* [DIRECTIONS]:
Return each line of the listing exactly, though without its images.

─── AVAILABLE DATA ───

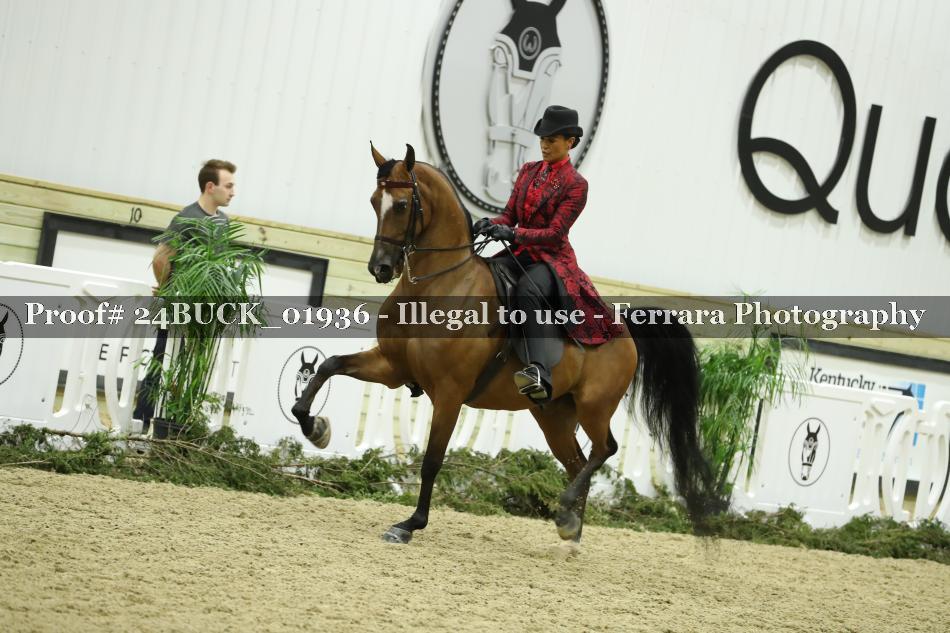 Proof 24BUCK_01936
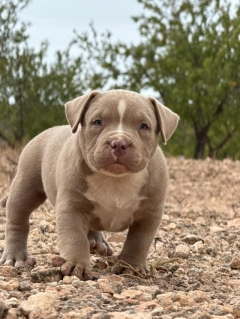 Посмотреть объявление Американские булли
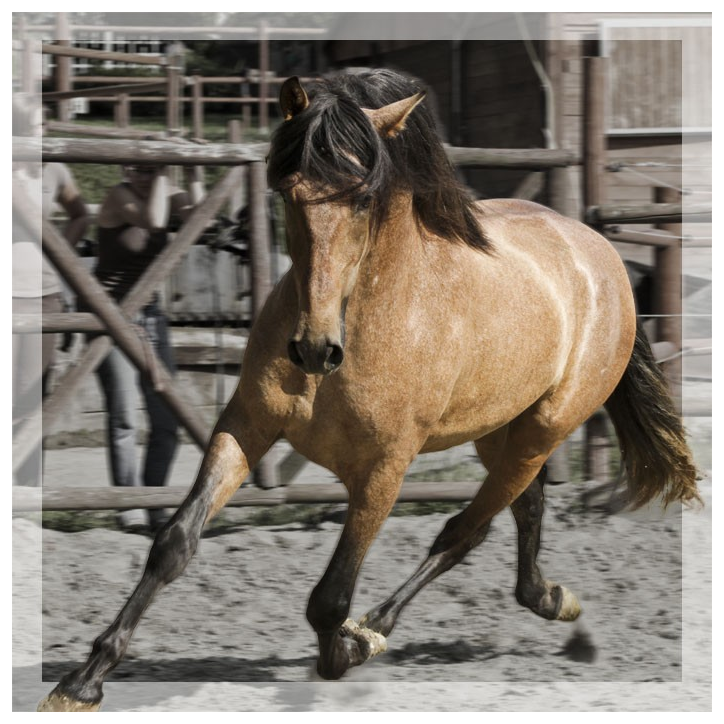 Belgique: Hongre 6 ans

───

* [SOLUTION]:
 Proof 24BUCK_01936
 Посмотреть объявление Американские булли
 Belgique: Hongre 6 ans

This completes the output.